When installing high CFM range hood, the routing duct always should go up or flat, but never go downward??

also can I use dryer duct(lower elevation than range hood) to combine with my range hood duct? if so how do i prevent the exhaust from range hood split into dryer.

also any guide/link on how to install make up air unit?


----------



## nealtw (Oct 11, 2016)

Welcome the site.
Best go to plan B, If it's not against code it should be, if you did have a flapper or something that worked, what happens when both are being used.. You don't even want them close to each other where they exit the house. When the dryer is running it is sucking air out of the house, air will find the easiest way in to replace that air, when they are next to each other, they can suck air in the next vent bringing problem air back into the house.


----------



## Snoonyb (Oct 12, 2016)

s002wjh said:


> When installing high CFM range hood, the routing duct always should go up or flat, but never go downward??

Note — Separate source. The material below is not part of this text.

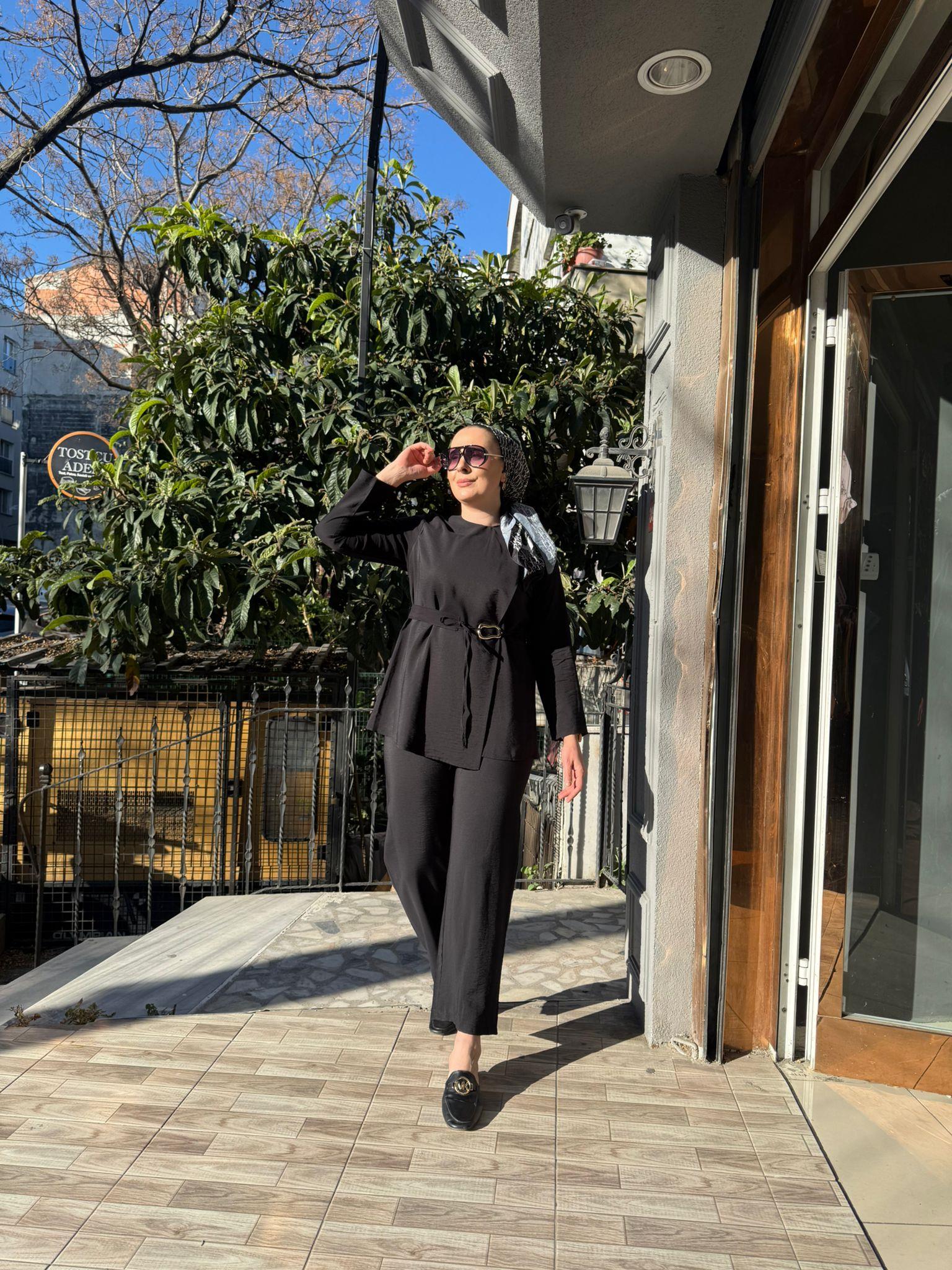 Kemerli Ön Detay Takım Siyah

The exception would be, if your venting appliance were a downdraft.

Most high CFM venting appliances will offer the remote blower option, which allows you to locate the motor away from the appliance, reducing the noise level and since you are exhausting products that will adhere to most surfaces, use smooth wall rigid venting material instead of the ribbed or flex-a-duct material.



s002wjh said:


> also can I use dryer duct(lower elevation than range hood) to combine with my range hood duct? if so how do i prevent the exhaust from range hood split into dryer.



Generally, dryer venting material will be far to small in area to handle the volume of a high CFM appliance and severely impact the latter's efficiency while creating the potential for a backdraft into the dryer.



s002wjh said:


> also any guide/link on how to install make up air unit?



Your local building code should be your guide for determining the ducting for the make-up air, some are very restrictive.


----------